The computer was asked to determine the number of variables needed to calculate the above problems. How did an artificial intelligence physicist do? Not great. For a solid pendulum on a pendulum, she gave two answers: ~7 and ~4-5. (The correct answer is 4 variables.) Similarly, I calculated ~8 and ~5-6 for the double-spring pendulum. (The correct answer is 6 variables.) Researchers praise smaller estimates as being close to correct answers.
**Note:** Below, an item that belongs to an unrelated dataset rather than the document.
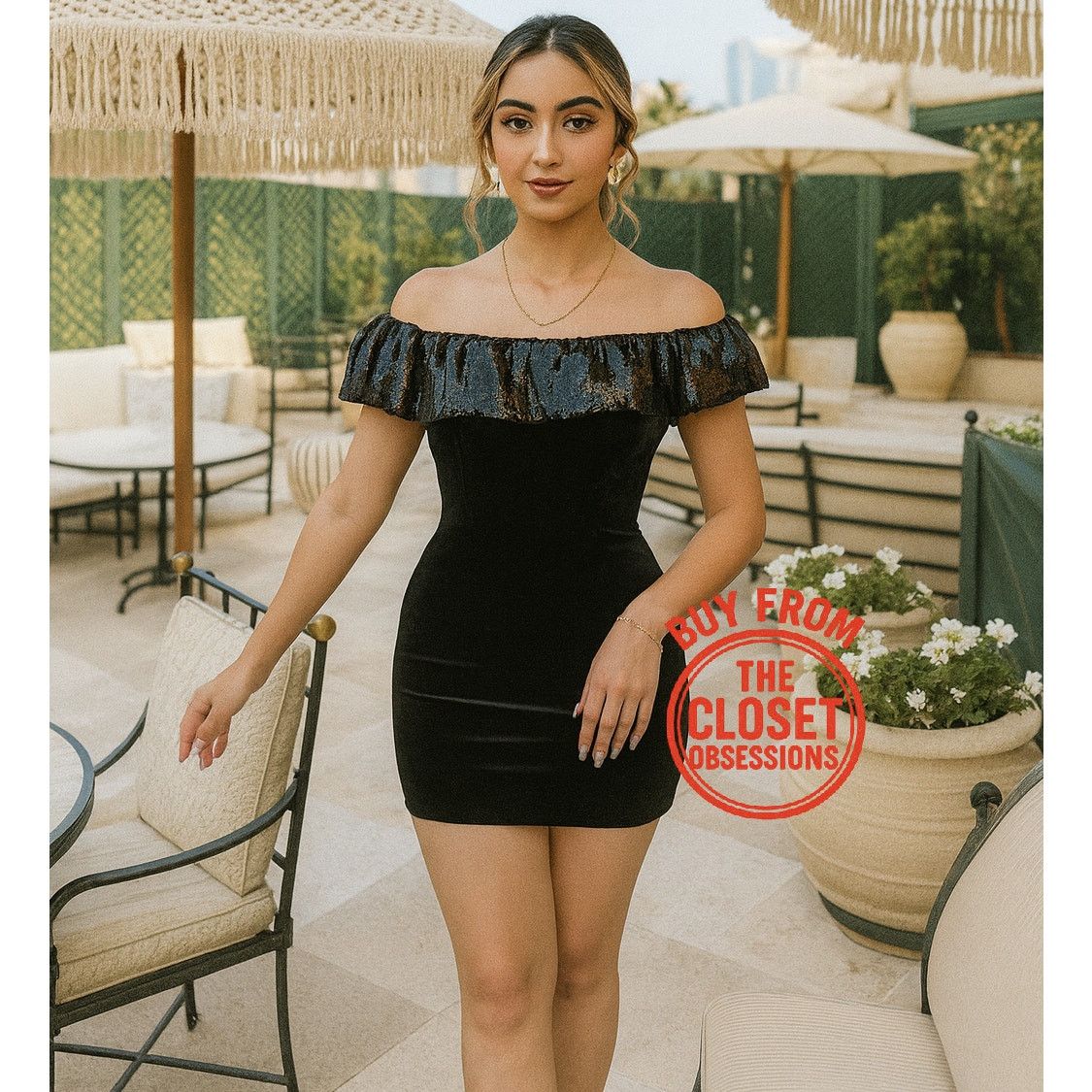 Zara ZARA Off-Shoulder Sequin Bubble Velvet Mini Dress NWT (L) Size L / US 10 / IT 46 - 6 Thumbnail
But after looking into the details in the paper Supplementary materialHowever, the result begins to fall apart. The computer didn’t actually calculate 4 variables and 6 variables. Its best accounts were 4.71 and 5.34. None of these answers are rounded off to the correct answer. The four-variable problem is an intermediate university physics problem, while the six-variable problem is a more advanced university problem. In other words, an undergraduate physics student is much better than an AI physicist at grasping these problems.
AI Physicist Not Ready to Install
Researchers continue to ask the program to analyze complex systems that not only contain an unknown number of variables, but it is unclear whether classical mechanics can describe systems at all. Examples include a lava lamp and fire. AI does an acceptable job of anticipating small changes in these systems. It also counts the number of variables required (7.89 and 24.70, respectively). The correct answers to these problems will be “new physics” in a sense, but there is no way of knowing whether or not AI is correct.
Using AI to analyze unknown systems is a great idea, but currently AI cannot get the right easy answers. Thus, we have no reason to believe that he corrects the difficult things.